One thing we’ve noticed over the last year or so are the increasing numbers of children involved in violent crimes such as armed robberies and muggings. The latest of which was the gang of teenagers that held up the Ranui Food Bar and Takeaway with hammers and a gun in West Auckland last night, just as the shop was closing at 9pm. Their ill gotten gains included of all things a fresh stock of ice creams from a freezer. (source)
“…A girl wearing a cap and hoodie pulled over her face pointed a gun at owner Yunan Zheng, who was vacuuming the front of the shop.

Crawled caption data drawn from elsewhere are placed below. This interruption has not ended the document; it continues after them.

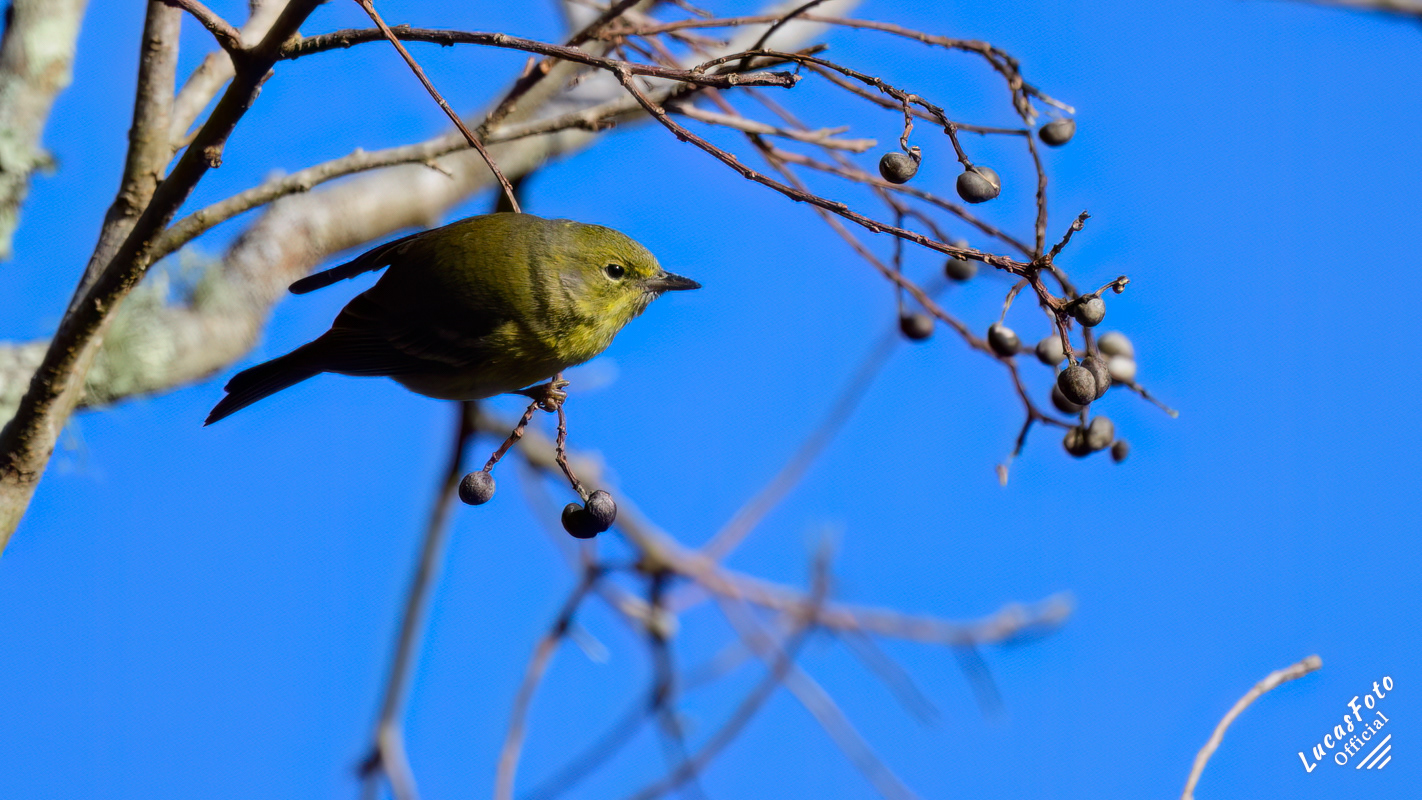 Pine Warbler
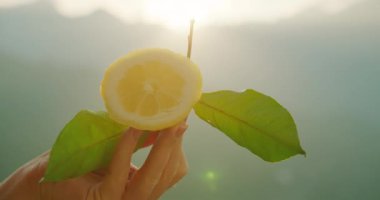 Bir el, gün ışığında yaprakları olan taze koparılmış limonu yumuşak odaklı doğal arka planda tutar...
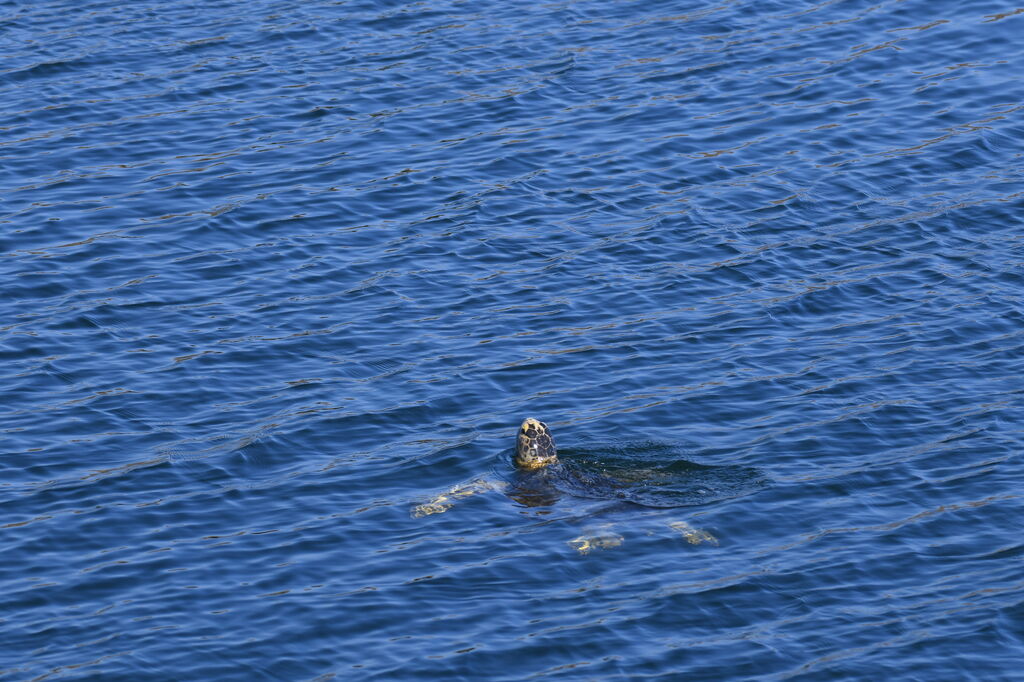 ada2346b-bc32-4a69-b75f-f23a5f51e54b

“The girl with the gun said, ‘Hurry up, give us some money’,” Zheng said.
Two others brandished hammers as they rushed into the shop and filled backpacks with icecreams from a freezer.
One tried to take cash from the till but was unable to open the drawer.
The group were caught on security camera, but wore hoods pulled over their head, and scarves or T-shirts wrapped around their faces.
Zheng said at least three of the robbers were girls, and suspected two were the same pair who robbed the shop on New Year’s Eve, when they made off with cash from the till.
The two robberies were the first incidents in five years at the Swanson Rd business…” more
The Herald went on to remind its readers that shops had been robbed by sweet toothed gangs of armed kids before in Auckland:
“It’s not the first time young offenders have held up Auckland shopowners for lollies (ed. sweets) and icecreams.
In March last year three boys robbed the Edendale Superette in central Auckland at gunpoint, filling a bag with icecreams and chocolate and taking cigarettes and about $400 in cash.
Shopkeeper Shazia Hussain was alone in the shop with her two-month-old baby at the time.
The boys had been captured on security camera in the shop earlier that day with their faces uncovered.”
But sometimes these gangs of kids become excessively violent and injure their victims, and they’re not all looking for lollies and icecreams either as other recent robberies have demonstrated:
Asian businessman Richard Tang was stabbed eight times by a gang of bandana wearing youths who stormed into his dairy in Papakura, they escaped with just $200.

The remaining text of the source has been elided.